Where I am working at the moment there is a culture of making tea in rounds.  I instantly cringed when I realised this as this is usually the catalyst for many sub standard cups of tea.

Britain has become a nation of "that'll do".  Our lives have become so hectic that apparently some of us are too busy to eat or drink properly.  We are constantly bombarded by things designed to make our lives "easier" and "healthier" such as pre-sauced fish, "half spoon" sugar and oven "chips".  Most people who go out for a "beer" fail to see beyond the usual mundane selection of Fosters, Carling Stella or Kronenbourg.  It doesn't matter that there are hundreds of diverse and different tasting ales out there, the brain dead population insists on drinking lager because I suppose, "that'll do".  They are obviously not drinking it for the taste because it is non existent.

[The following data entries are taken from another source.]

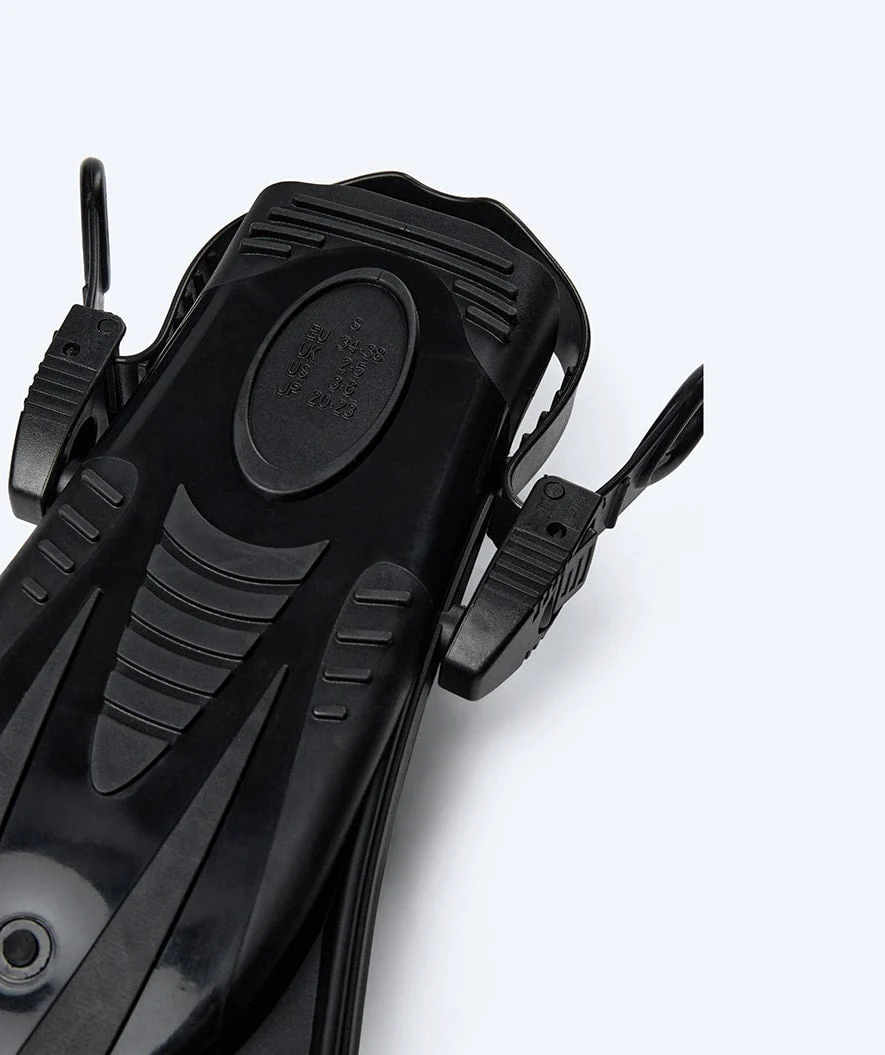 Watery diving fins for adults - Delmere - Black - Image 10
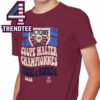 Victoire De Montreal 2026 PWHL Walter Cup Champions Montreal Victoire Stadium Big Cup Unisex T-Shirt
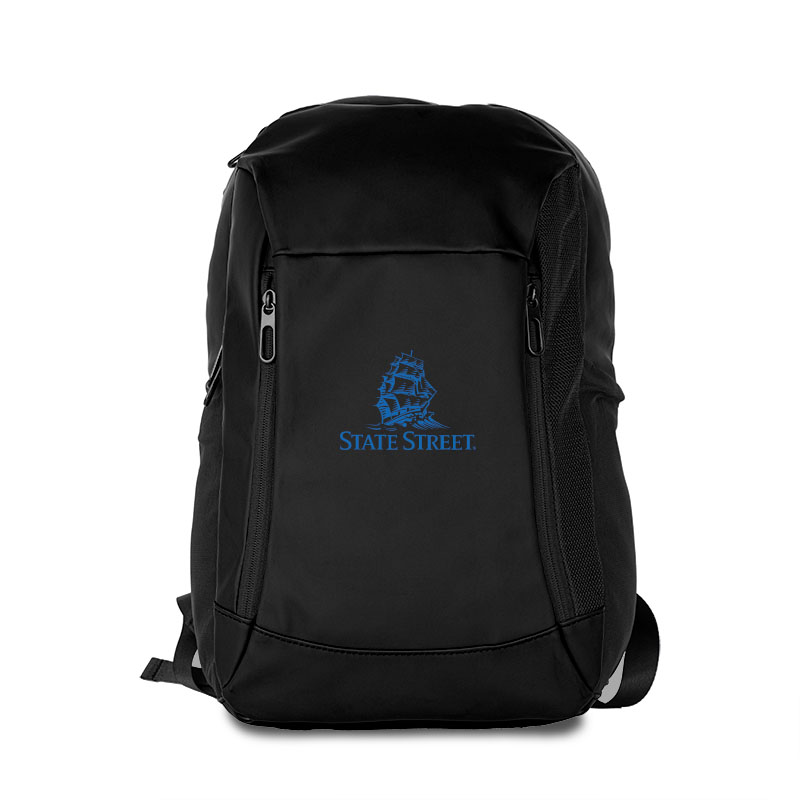 PU Leatherette Water Resistant Backpack 1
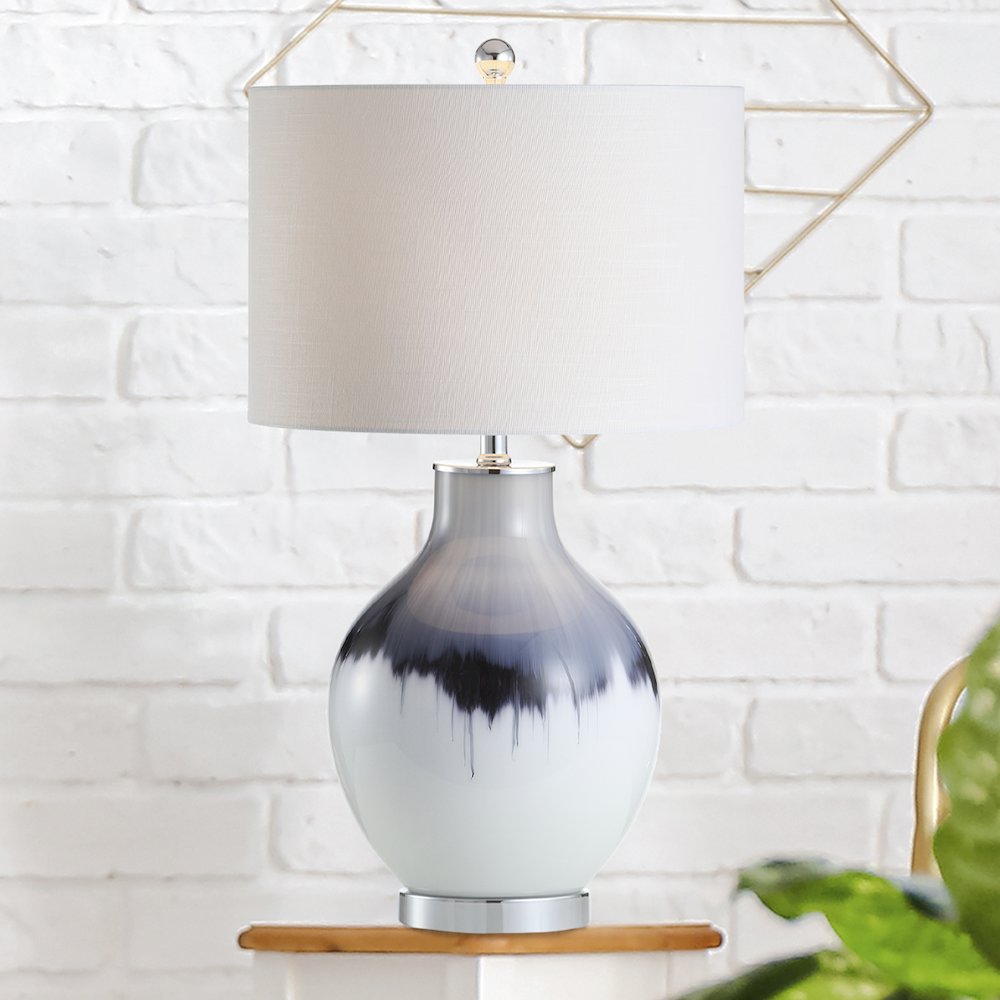 Mia Glassmetal Led Table Lamp. Picture 7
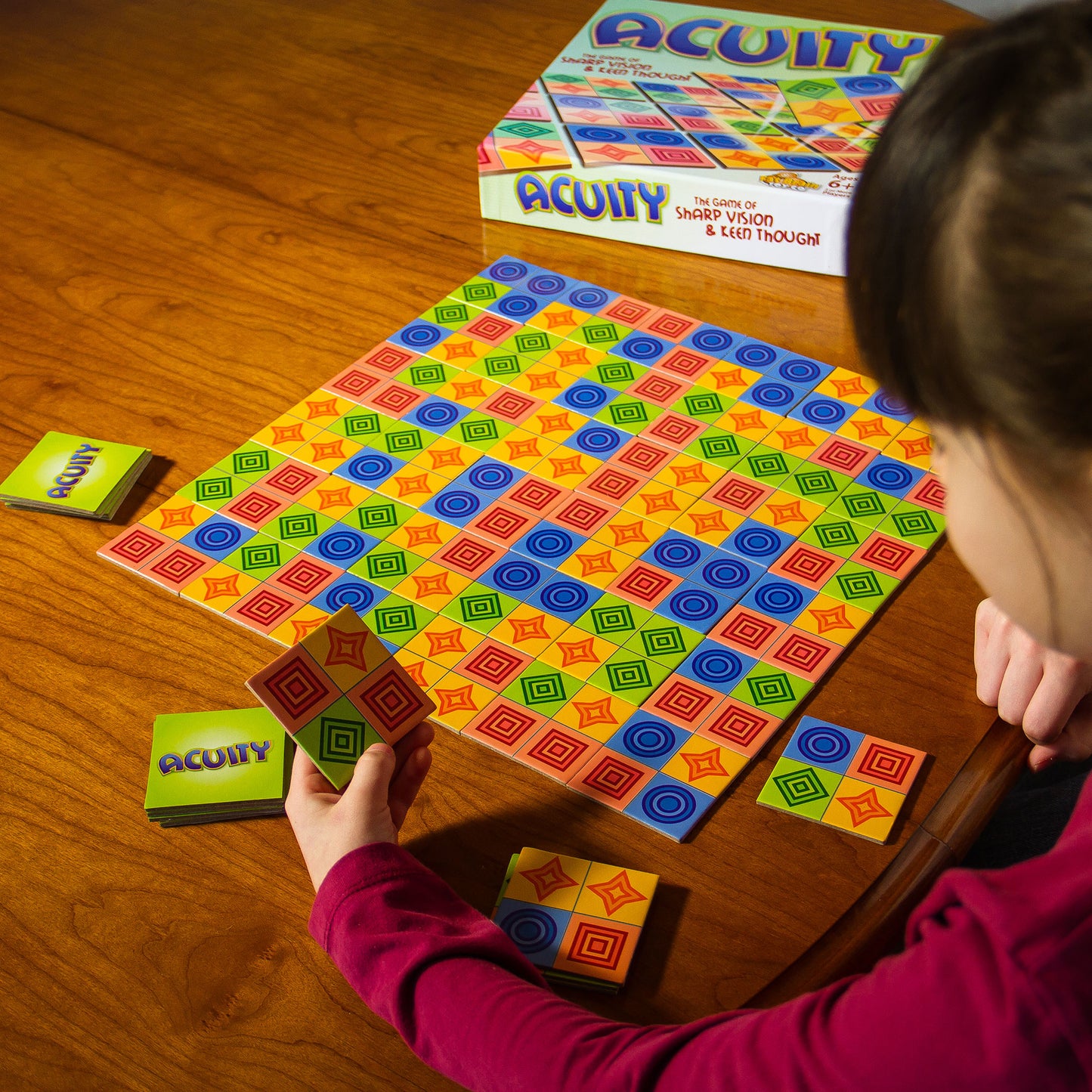 Acuity, Juego de habilidades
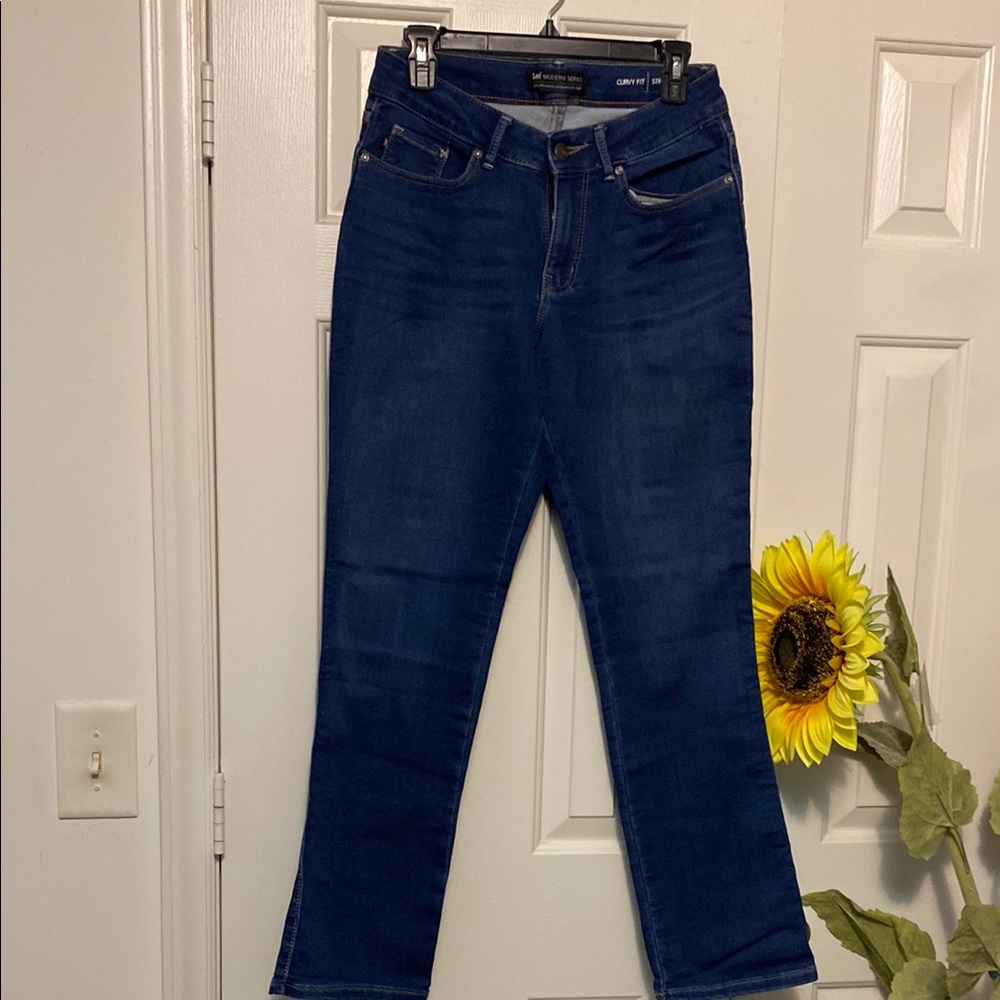 Lee  curvy fit jeans Sz 6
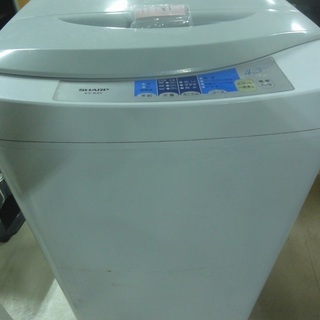 3ｃ63　SHARP　洗濯機　4.3㎏　2000年製　中古　引取限定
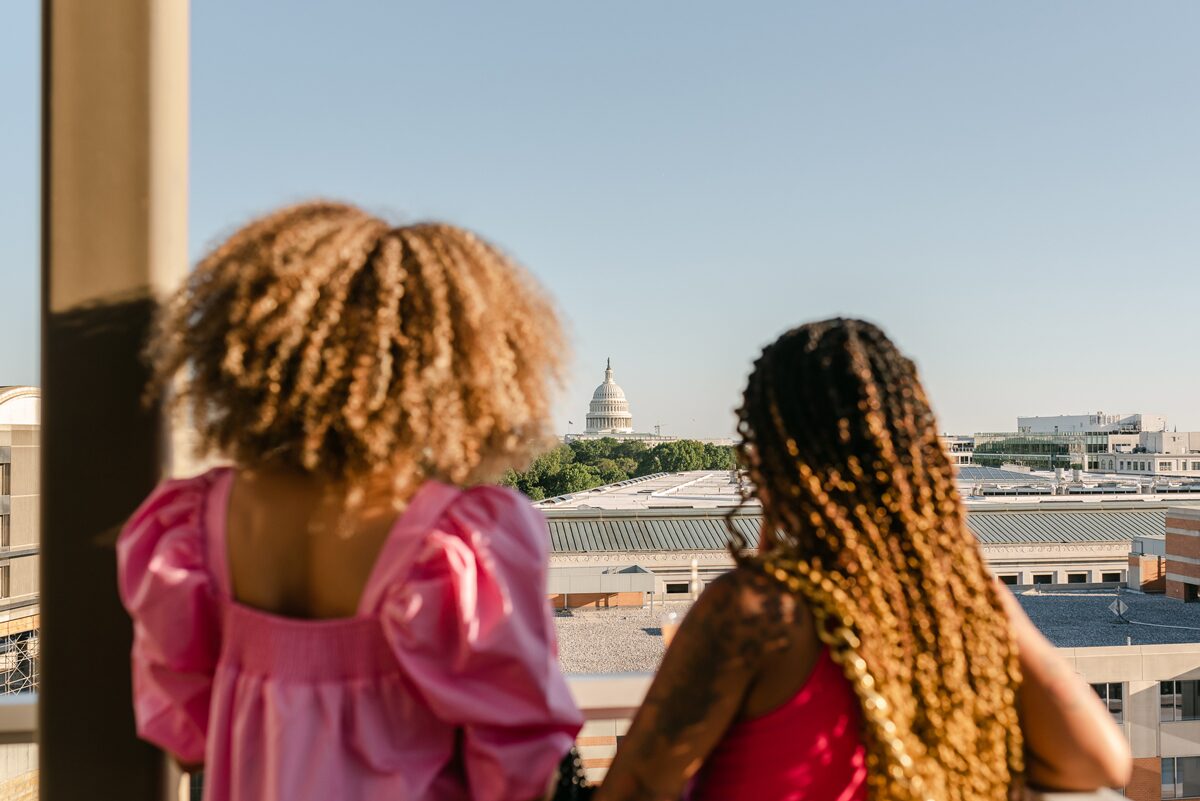 DC Bloggers Meetup networking event for influencers and content creators in the DMV area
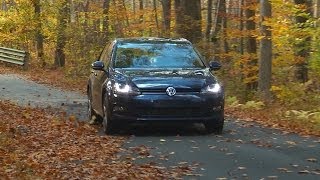 2015 Volkswagen Golf first drive  Consumer Reports [upl. by Comras]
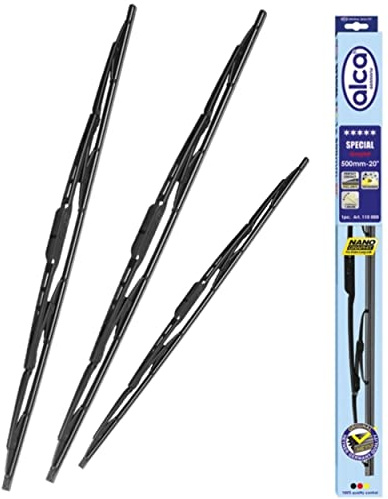 Fits Mazda 6 Hatchback 2002-2007 Alca Germany Special Front Rear Windscreen Wiper Blades Replacement 2218 20'' AS221820H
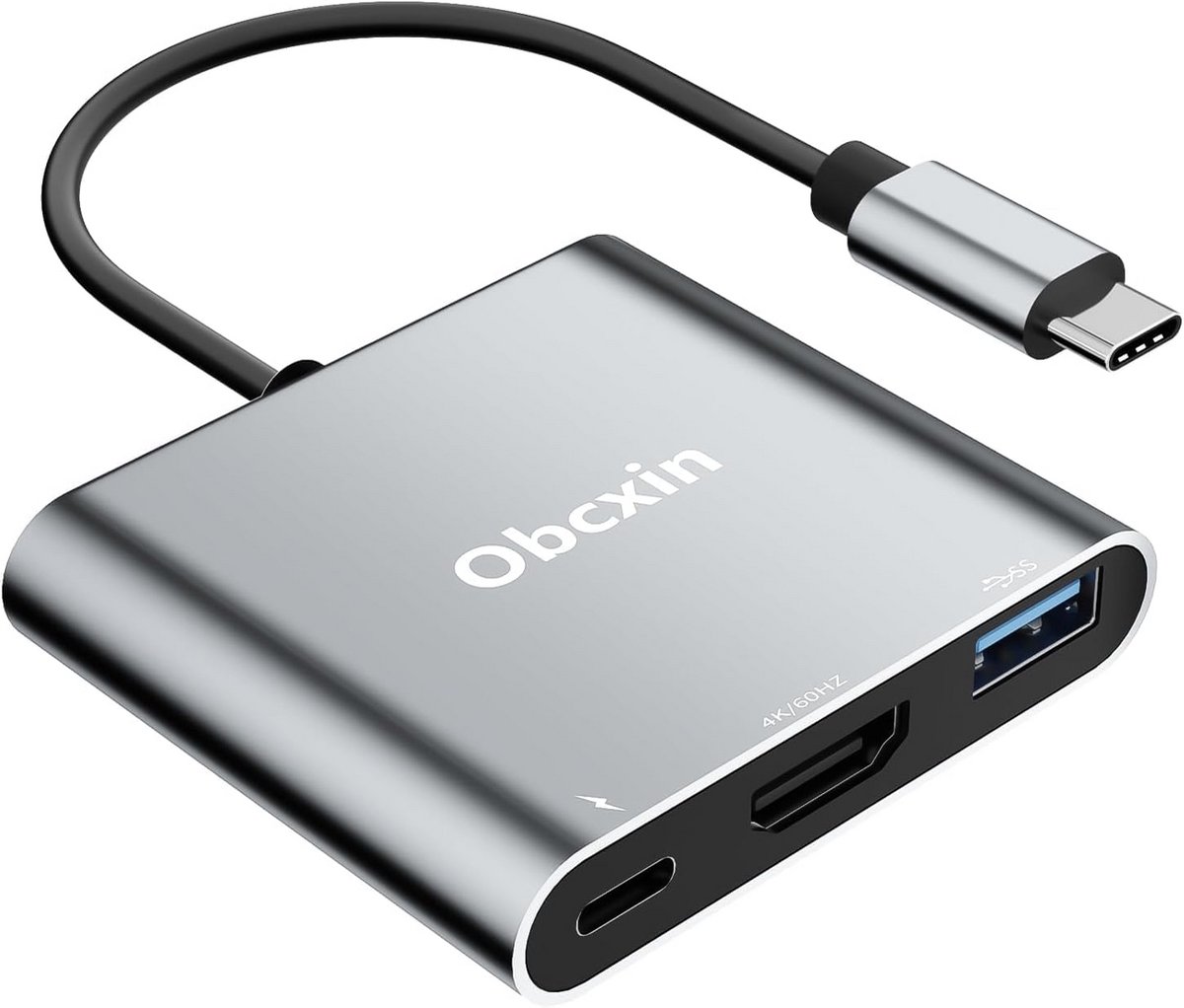 USB-C naar HDMI Adapter voor 4K Video en Audio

Making a cup of tea properly sugar fascists; people who don't have sugar and therefore begrudge you having any

So all of this finally brings me to tea.  Why do people "kindly" offer to make you a cup of tea, then insist on not making it properly?  Some people seem to think that wafting a tea bag within a foot of a cup is sufficient to produce a nice flavoursome cup of tea.  Not to mention the sugar fascists; people who don't have sugar and therefore begrudge you having any in your brew.  They say to me, how many sugars?  I say "2 heaped please" then they go off into the kitchen (usually after a lecture about how much sugar).  What comes back is usually something disgusting which I am forcing down my throat to be polite.  I don't know why I am so polite about it because I think it is the height of rudeness to offer someone a drink and then completely ignore their preferences.  They either don't give you enough sugar, or don't bother to stir it so that you have mug of completely unsweetened tea followed by a horrible syrupy sludge at the bottom; "that'll do" I suppose.  Most people don't even seem to know what a good tea is.  The ignorant masses stand there in staff kitchens at work twiddling about with their bags of Typhoo or Tetley.  You can also see the guilt on their faces as they hurriedly try and finish their "brew", without wasting too much precious company time.  I mean, they only give 5 days a week, and 8 hours a day of their lives to the business, god forbid they take the time to make a proper brew.

I hate this society we have turned into where doing anything properly has become "too difficult" to do.  Since when has it been hard to chuck some porridge and milk into a pan?  No, it must be prescribed to us by a corporation in little microwavable bags in case some of us find operating a gas hob "too difficult".  Equally, how hard is it to chuck some loose tea leaves in a pot with some hot water, wait a few minutes then pour into cups through a strainer.  Really and truthfully, how much extra labour does this create?  Try it yourself!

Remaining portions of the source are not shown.